**Stored data:**
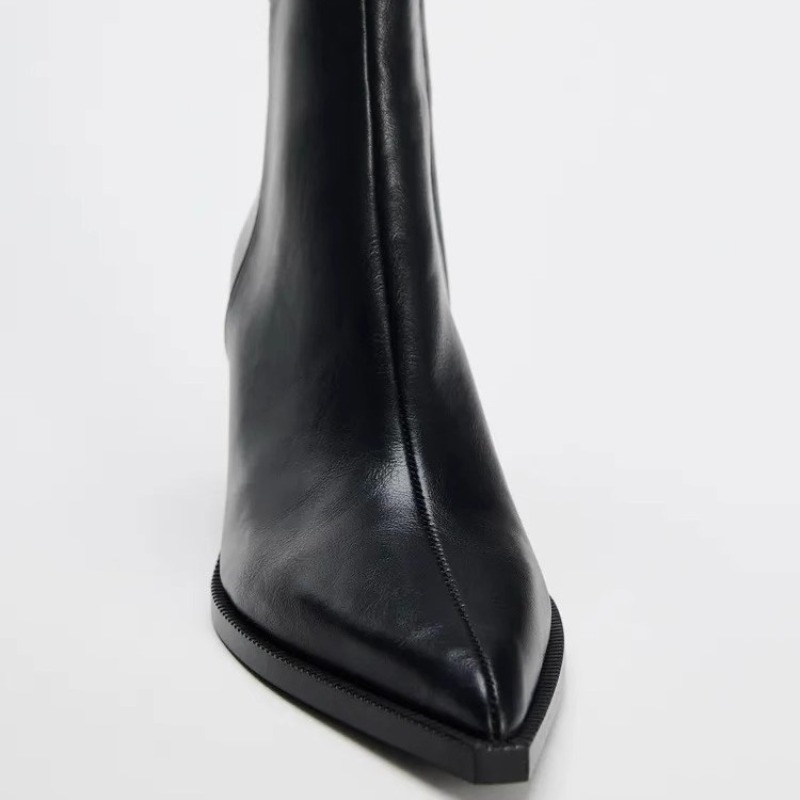 Chunky Heel Soft Leather Chels - Sock Boot Women recension och pris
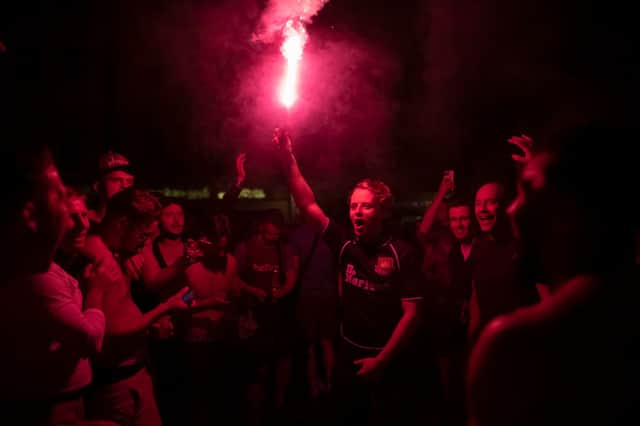 Fans were setting off flares and were armed with chains as attacks transpired in the streets of Prague on Wednesday (7June) - Credit: Getty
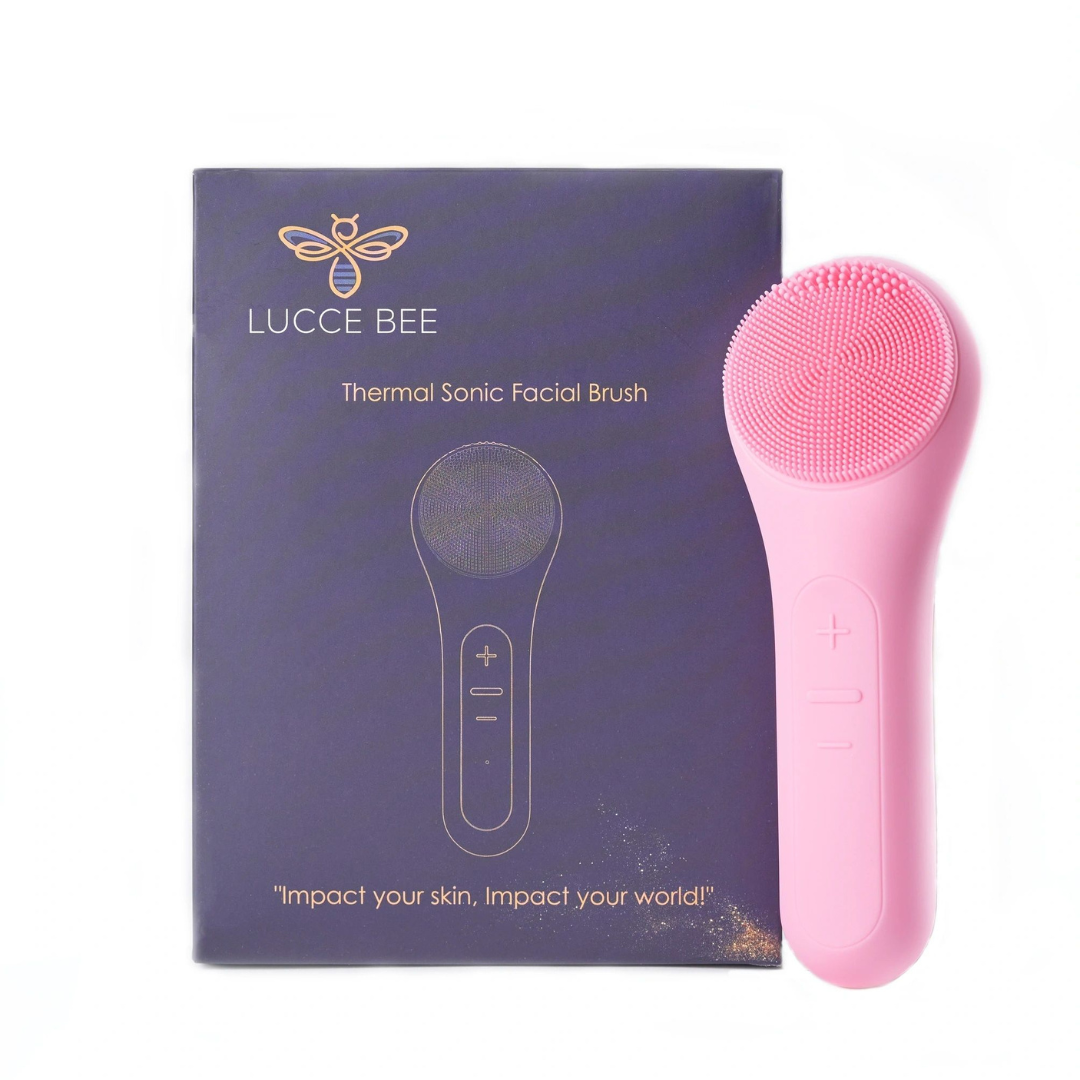Lucce Bee Thermal Sonic Facial Brush with Packaging – Pink Silicone Cleansing Tool for Deep Pore Cleanse, Gentle Exfoliation, and Glowing Skin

**About this task:**
An exact repeat of all the data is required, pictures excluded.

**Response to the task:**
 Chunky Heel Soft Leather Chels - Sock Boot Women recension och pris
 Fans were setting off flares and were armed with chains as attacks transpired in the streets of Prague on Wednesday (7June) - Credit: Getty
Lucce Bee Thermal Sonic Facial Brush with Packaging – Pink Silicone Cleansing Tool for Deep Pore Cleanse, Gentle Exfoliation, and Glowing Skin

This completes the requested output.